Mentre l’inconscio si oppone al conscio, l’Es, in questa seconda topica, si oppone all’Io. L’Es è retto dal principio del piacere. Il piacere della sigaretta: l’Io cerca di domare il cavallo dell’Es ma inevitabilmente ne viene domato!!! Così l’istanza del Super-Io è una formazione in gran parte inconscia, che si contrappone all’Io e lo giudica criticamente. È la coscienza morale una sorta di giudice interno, che regola il comportamento messo in atto dall’Io attraverso una serie di valori, dogmi, precetti, censure, sensi di colpa. L’incontro di questi due esseri così strani e così bene interpretati ci fa presagire un’intimità selettiva dei due attori che come dicevamo si evolvono: infatti Concetto Venti dopo essere stato lo specchio dell’Io di Valerio Santi diventa il Super-Io affetto da normopatia, una sorta di patologia di colui che per sopravvivere deve eseguire le regole fino alla paranoia “del piccolo borghese dal cattivo gusto”
e l’Io ribelle dell’uomo dal fiore in bocca (Valerio Santi) che sovverte le regole nella sua psicopatia maniacale data dall’osservazione futile della vita reale oggettiva financo a diventare la carta da regalo con cui il commesso impacchetta i regali. Come il Principio di Piacere si trasforma in Principio di Realtà si evince da tutta la piece teatrale: “Che mani! Un bel foglio grande di carta doppia, rossa, levigata… ch’è per sé stessa un piacere vederla… cosí liscia, che uno ci metterebbe la faccia per sentirne la fresca carezza… La stendono sul banco e poi con garbo disinvolto vi collocano su, in mezzo, la stoffa lieve, ben piegata. Levano prima da sotto, col dorso della mano, un lembo; poi, da sopra, vi abbassano l’altro e ci fanno anche, con svelta grazia, una rimboccaturina, come un di piú per amore dell’arte; poi ripiegano da un lato e dall’altro a triangolo e cacciano sotto le due punte; allungano una mano alla scatola dello spago; tirano per farne scorrere quanto basta a legare l’involto, e legano cosí rapidamente, che lei non ha neanche il tempo d’ammirar la loro bravura, che già si vede presentare il pacco col cappio pronto a introdurvi il dito”. Dal testo di Luigi Pirandello.

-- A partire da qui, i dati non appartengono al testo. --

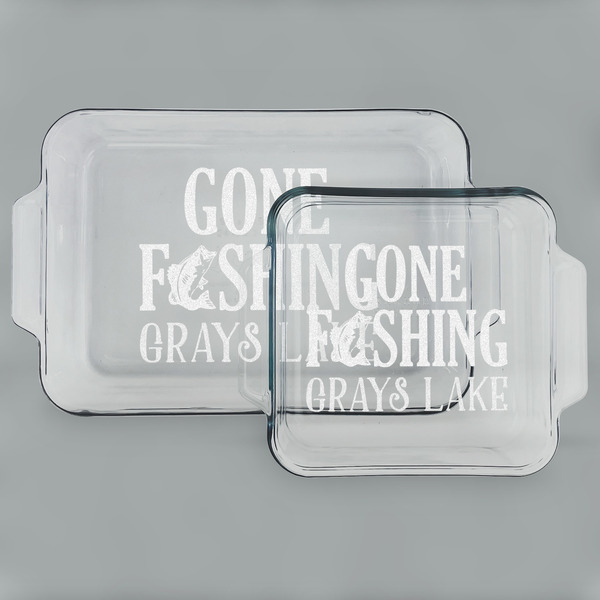 Gone Fishing Glass Baking Dish Set - MAIN (set)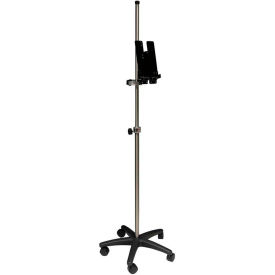 Mobile Tablet Stand, 22" Diameter Base, Adjustable Height Up to 7 ft.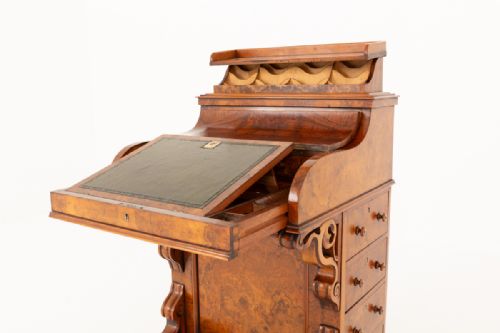 BURR WALNUT POP UP DAVENPORT - ADDITIONAL PHOTO 6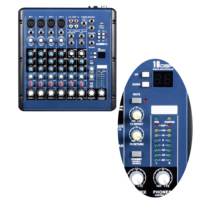 Système de son professionnel pour studio, mini mélangeur audio, 6 canaux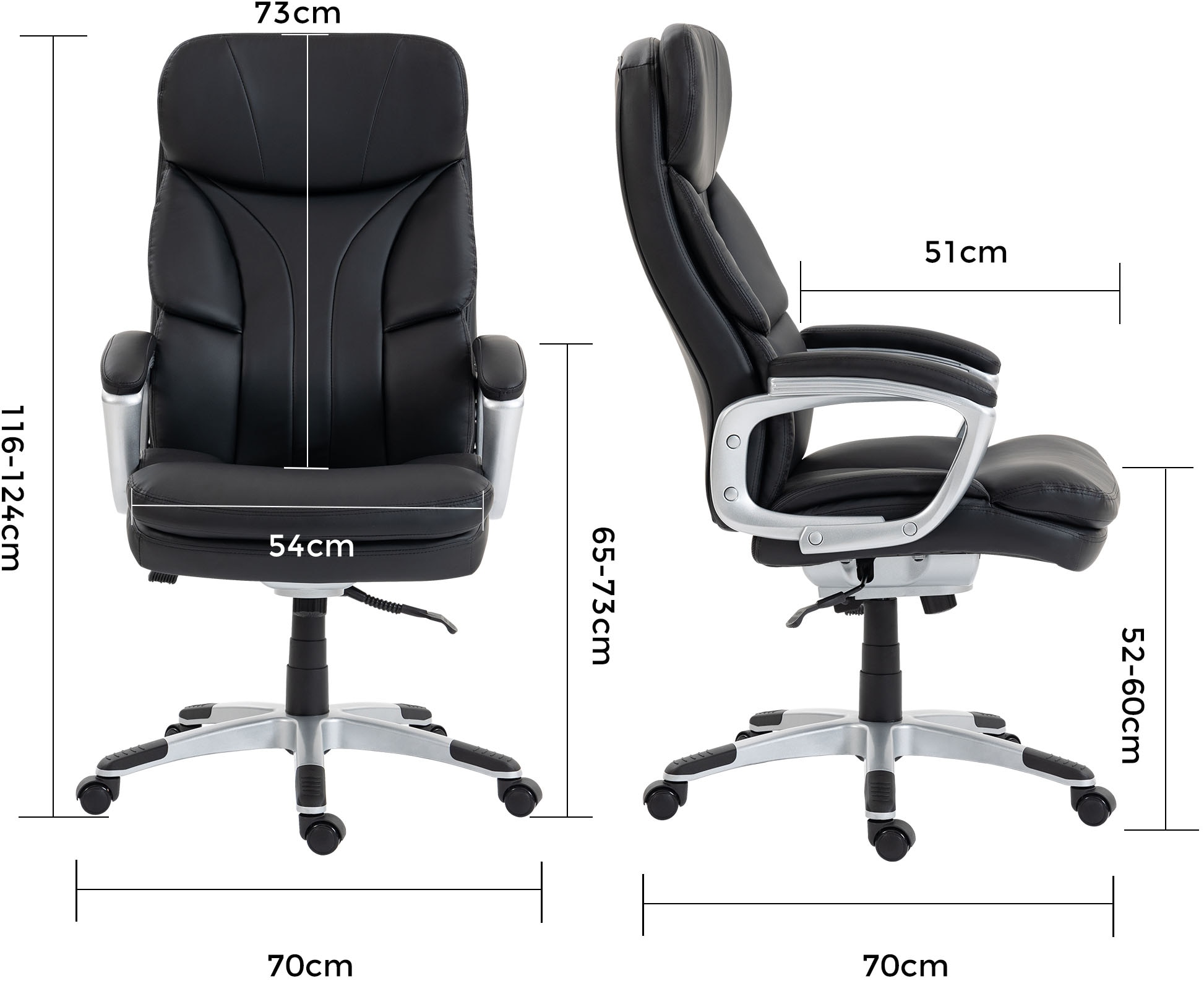 Duo Collection Fauteuil de direction »Theodor XXL« () supporte jusqu'à 150 KG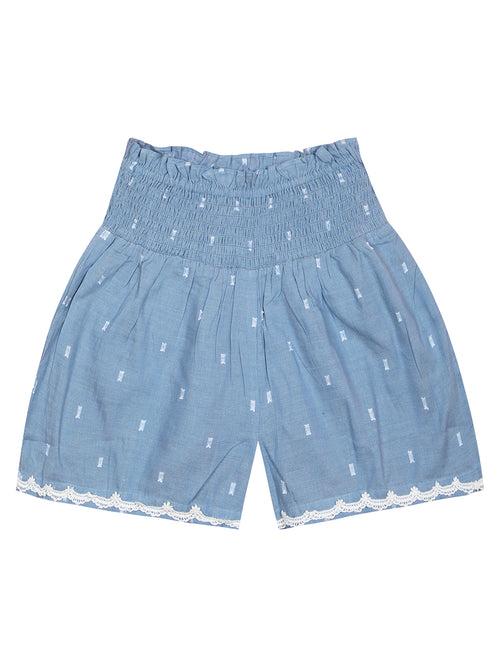 Smocked Bliss Flare Shorts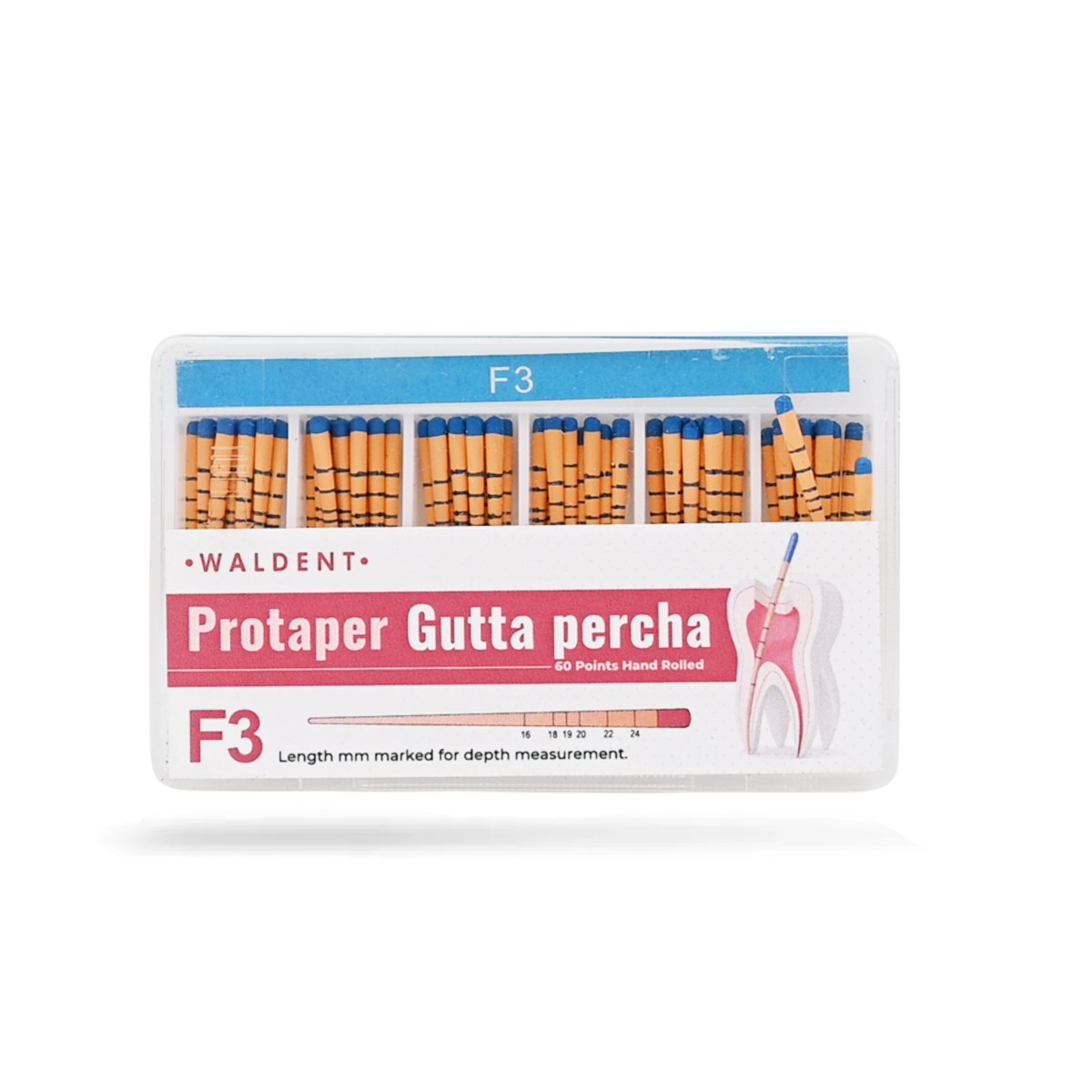Waldent Gutta Percha Points Protaper (Length Marked) #F3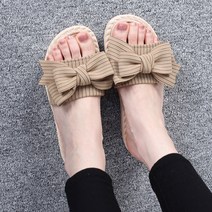 분홍슈즈 줄리본 슬리퍼 사무실 젤리 실내화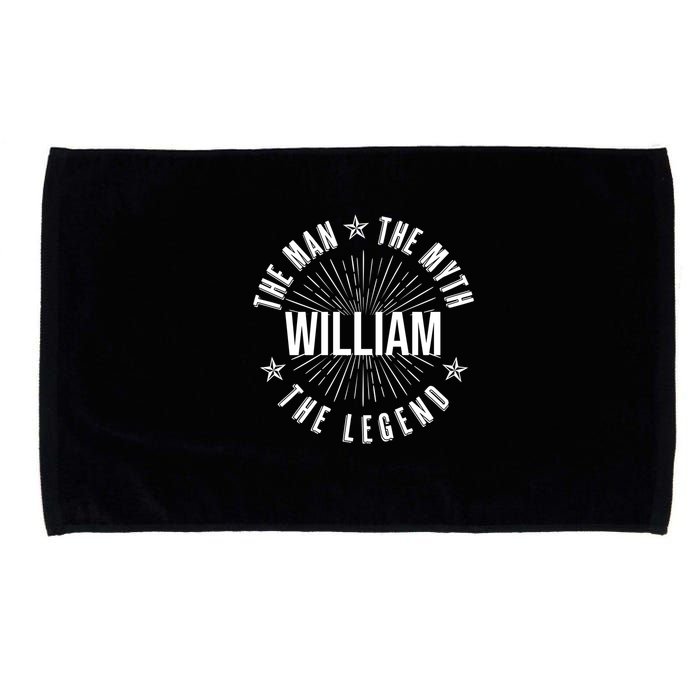 Custom Name The Man The Myth The Legend Microfiber Hand Towel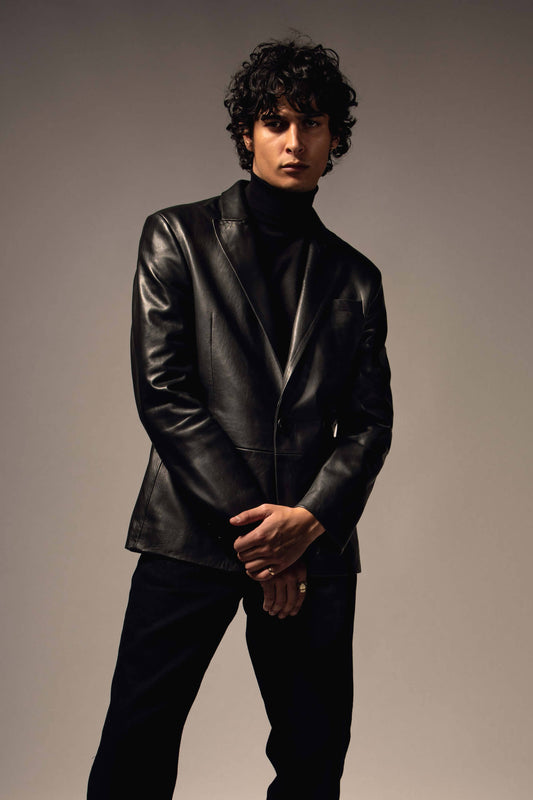 Leather Blazer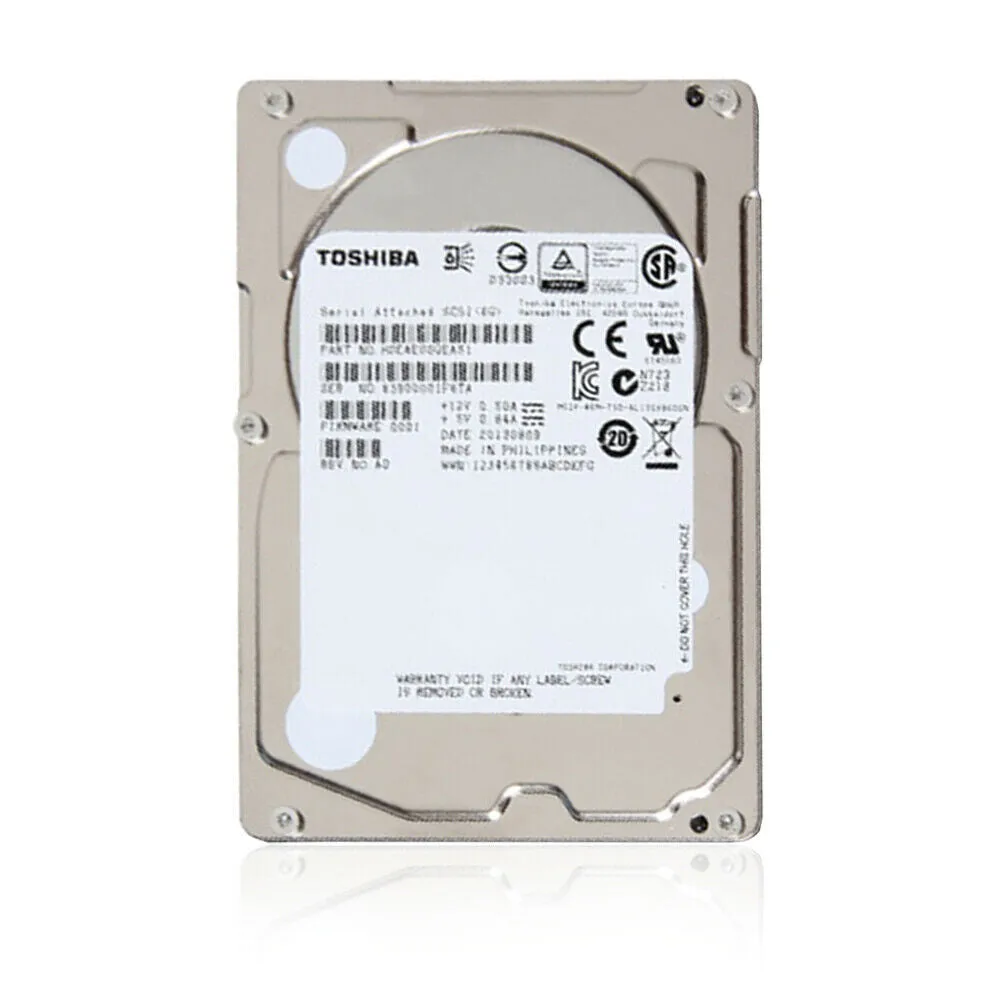 Toshiba (SAS) 2.5" Internal HD 450GB 15Krpm 128MB HDEAG01GEA51 AL13SXB45EN
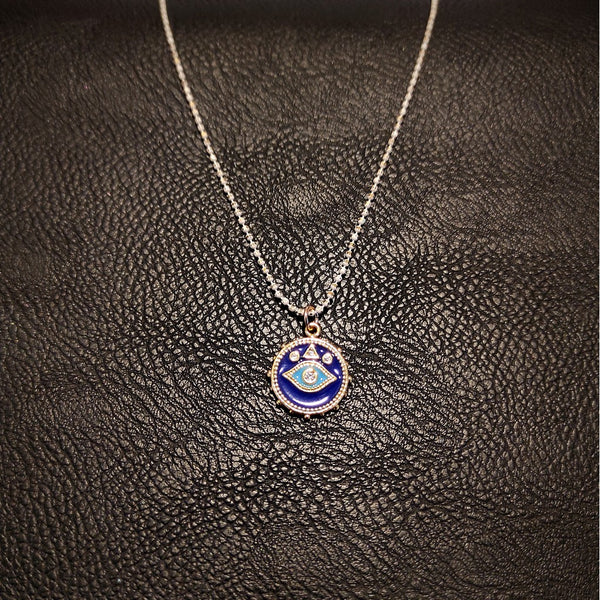 Evil Eye Blue Necklace-Nook & Cranny Gift Store-2019 National Gift Store Of The Year-Ireland-Gift Shop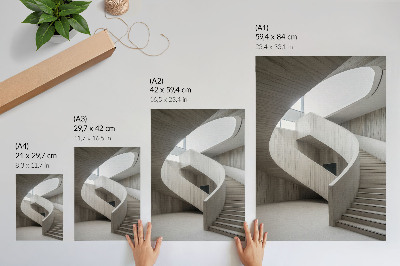 Decoratieve poster Moderne wenteltrap in een elegant interieur
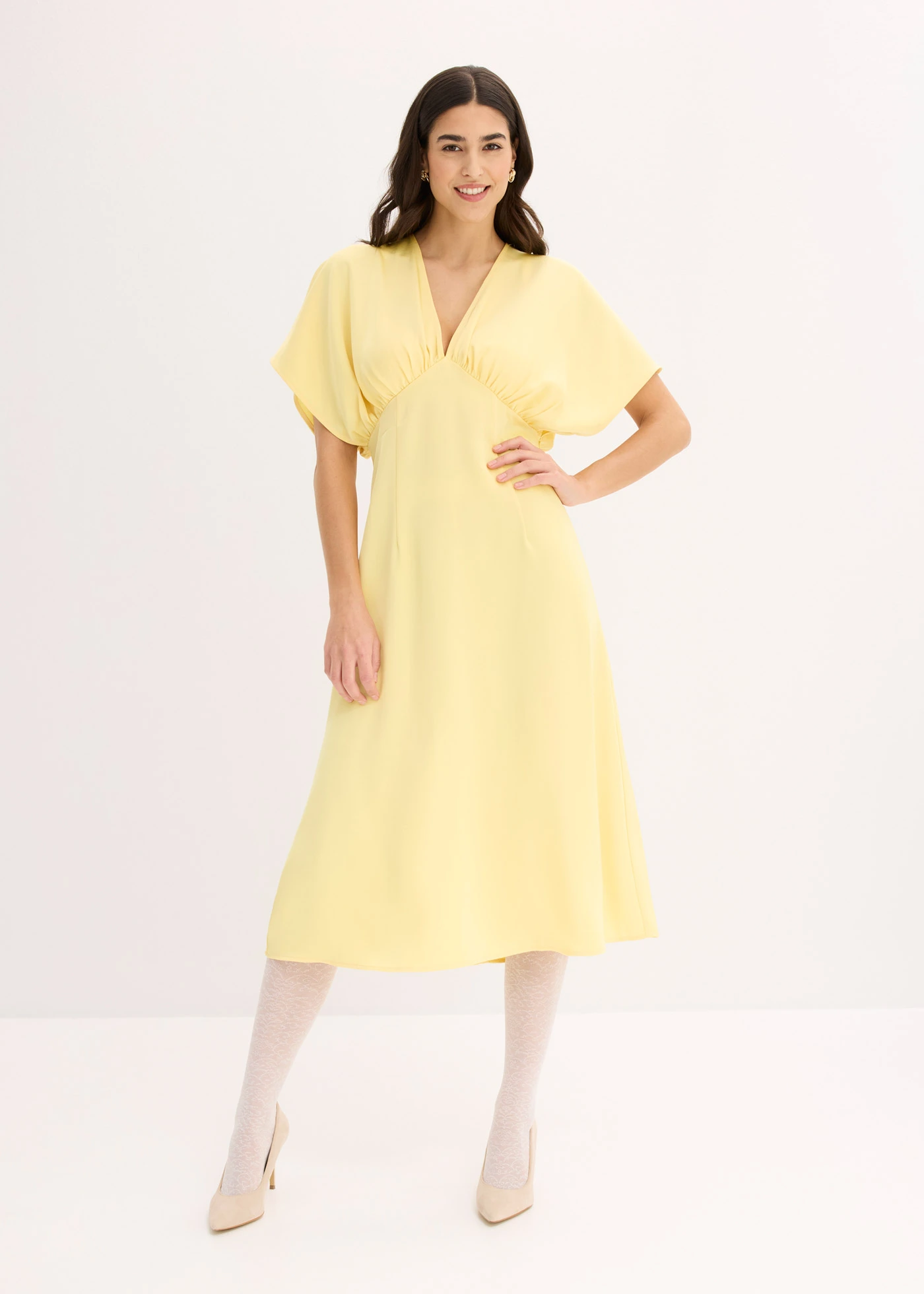 Collant voile effet résille 30D • blanc • Boutique bonprix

Basta inserire questa chiave di lettura e continuamente ci si ritrova a ribaltare normalità e follia, realtà e piacere, estraneità e intimità, procrastinazione ed emergenza, così come da copione l’uomo dal fiore in bocca dice all’avventore “voi siete un uomo pacifico” che sottintende io sono “un uomo guerriero” talmente guerriero che mi faccio guerra da solo in maniera implosiva dove la mia collera arde qui nei bagni dove l’acqua putrida il mio Es nascosto dovrebbe demolire il mio male…invece prima di morire io voglio disseminare il dubbio, la demonia, la dannazione…
Così il momento dell’omicidio suicidio che resta sospeso impantanandosi ancora una volta nella melma del sottosuolo tra ignavia e coraggio: così come sono gli eroi pirandelliani protagonisti di un futuro distopico con scarsa memoria del passato. Le splendide foto sono di Giovanna Mangiù.